Your answer must be a word-for-word copy of the listing, with all pictures excluded.

GIVEN ENTRIES:
....................

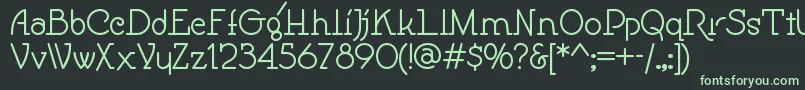 Speedballno1nf Font – Green Fonts on Black Background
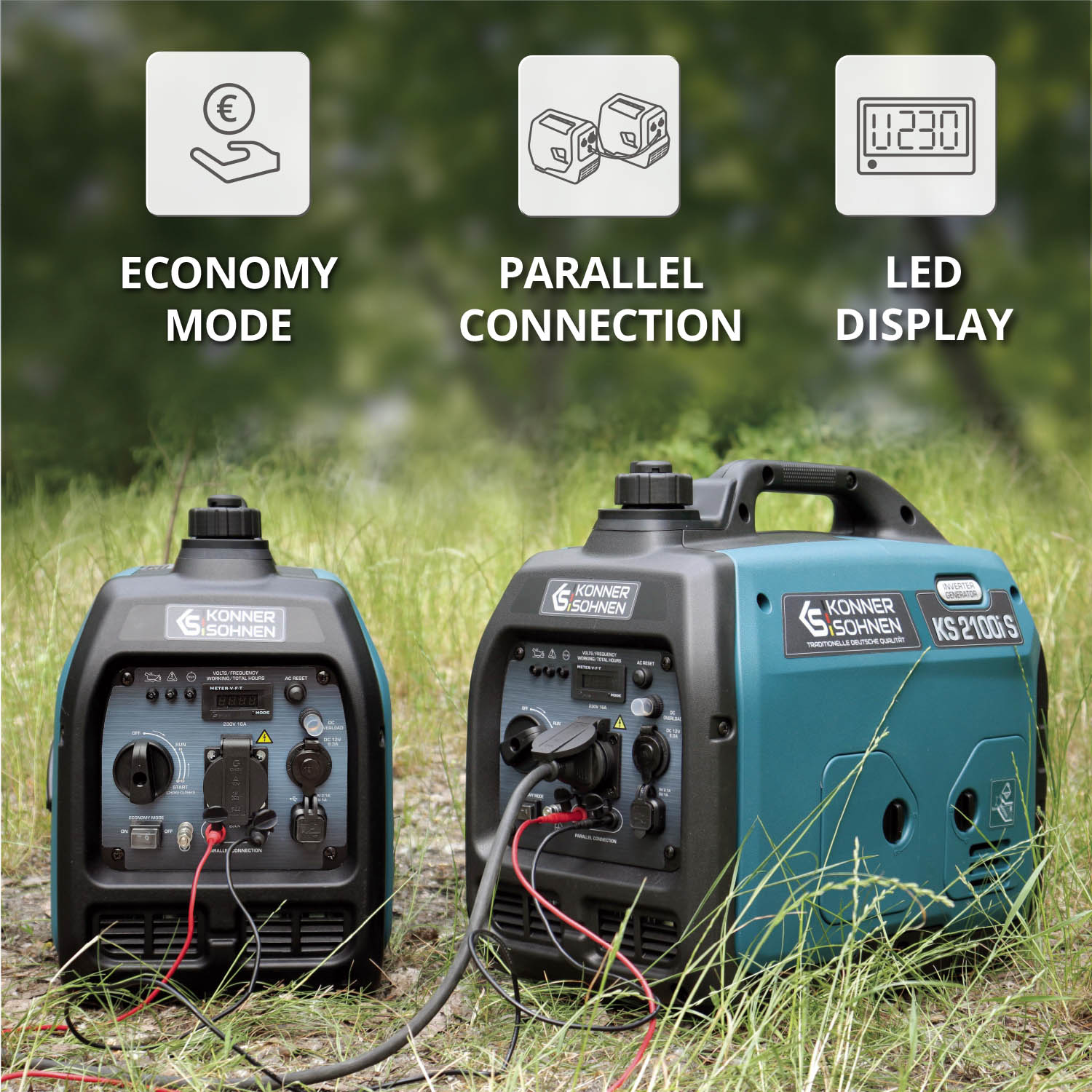 LPG/benzin inverteres generátor KS 3100iG S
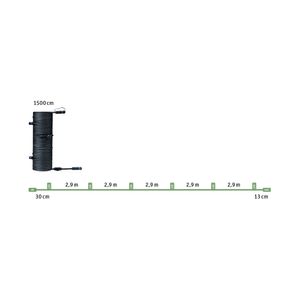 Paulmann PAULMANN 93931 Verlichtingssysteem Plug&Shine 7-voudige verdeler Zwart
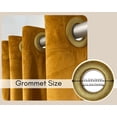 thumbnail image 3 of Your Chair Covers - 52 X 84 Inch Velvet Curtains with Grommets Gold - 2 Panels, 3 of 7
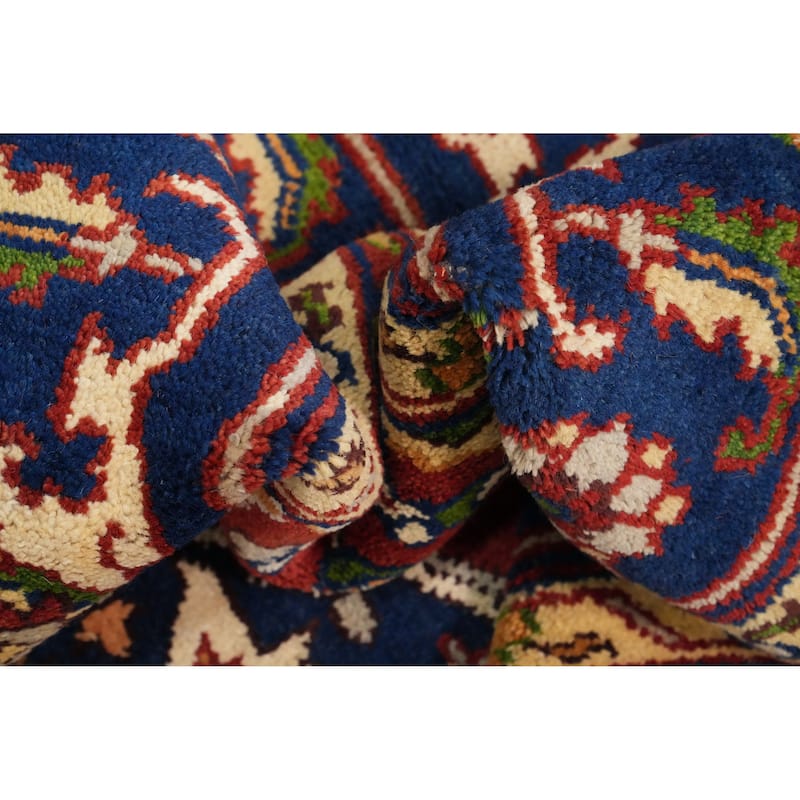 Hand Knotted Oriental 100% Wool Carpet Traditional Medallion Oranges & Rust Heriz (serapi) Area Rug - 10' 1'' X 8' 0''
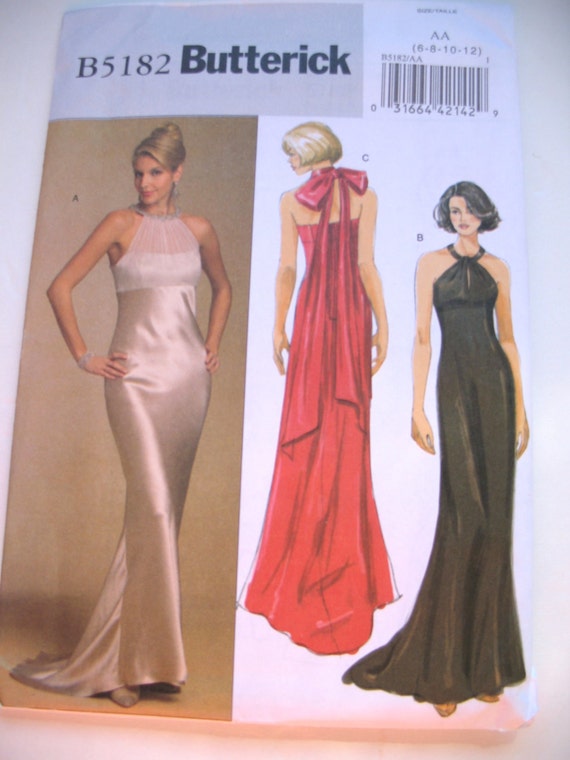 Evening Dress  Pattern  Prom  Dress  Pattern  Butterick 5182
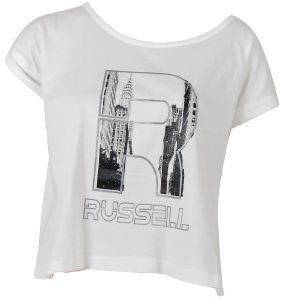 ΜΠΛΟΥΖΑ RUSSELL WIDE NECK & BODY TEE ΛΕΥΚΗ (L) ΜΠΛΟΥΖΑ RUSSELL WIDE NECK & BODY TEE ΛΕΥΚΗ (L)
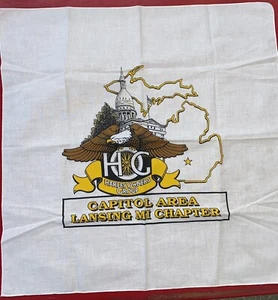 Harley Davidson Motorcycles Owners Group HOG Capital City Lansing MI Bandana WHT - Bild 1 von 3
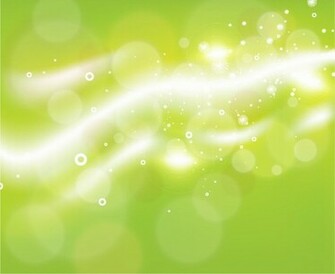Green Bokeh Abstract Light Background Vector Illustration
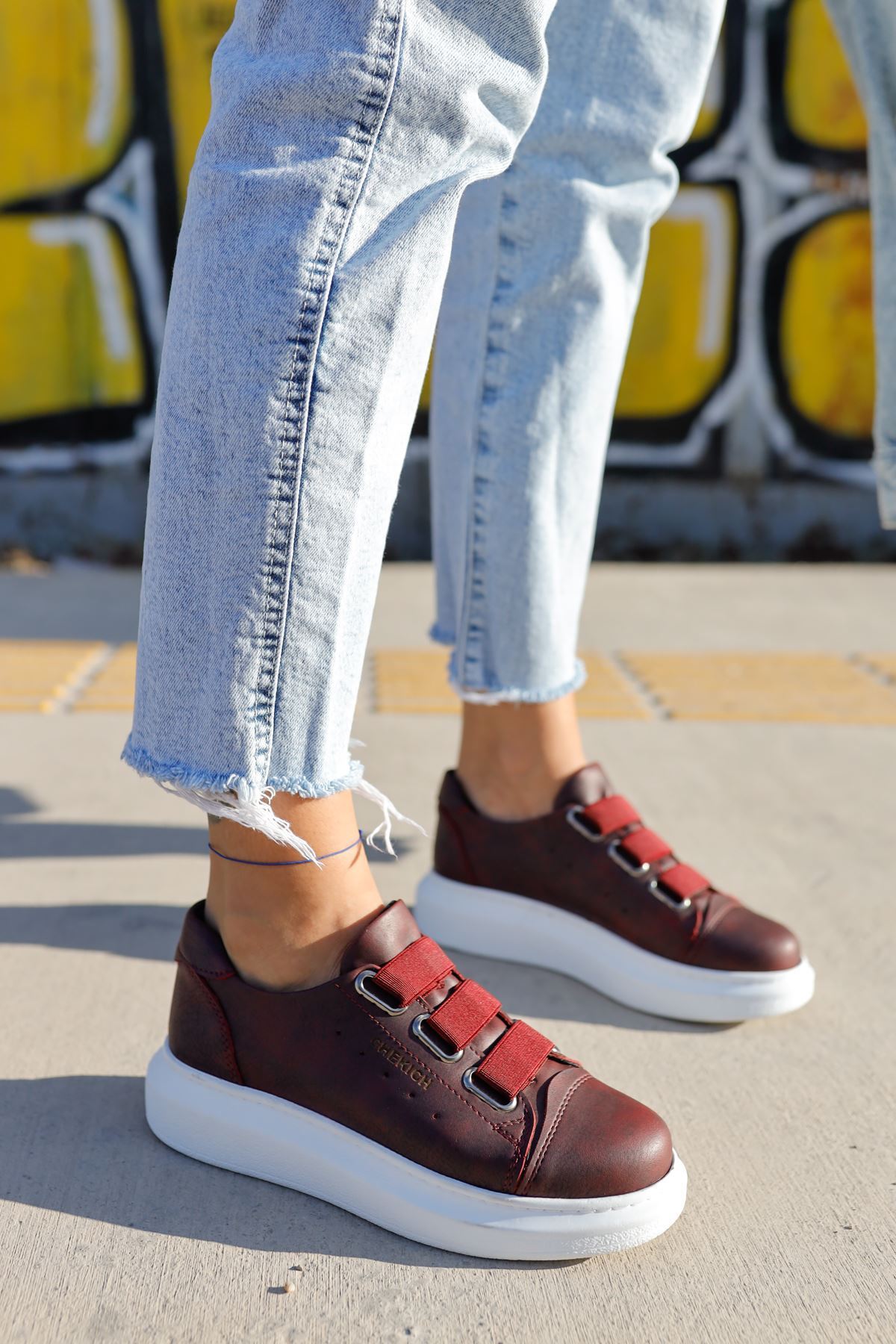 CH253 CBT Women's Sneakers Shoes CLARET RED - STREETMODE ™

....................

WRITTEN ANSWER:
 Speedballno1nf Font – Green Fonts on Black Background
 LPG/benzin inverteres generátor KS 3100iG S
 Paulmann PAULMANN 93931 Verlichtingssysteem Plug&Shine 7-voudige verdeler Zwart
 thumbnail image 3 of Your Chair Covers - 52 X 84 Inch Velvet Curtains with Grommets Gold - 2 Panels, 3 of 7
 Hand Knotted Oriental 100% Wool Carpet Traditional Medallion Oranges & Rust Heriz (serapi) Area Rug - 10' 1'' X 8' 0''
 Evening Dress  Pattern  Prom  Dress  Pattern  Butterick 5182
 ΜΠΛΟΥΖΑ RUSSELL WIDE NECK & BODY TEE ΛΕΥΚΗ (L) ΜΠΛΟΥΖΑ RUSSELL WIDE NECK & BODY TEE ΛΕΥΚΗ (L)
 Harley Davidson Motorcycles Owners Group HOG Capital City Lansing MI Bandana WHT - Bild 1 von 3
Green Bokeh Abstract Light Background Vector Illustration
 CH253 CBT Women's Sneakers Shoes CLARET RED - STREETMODE ™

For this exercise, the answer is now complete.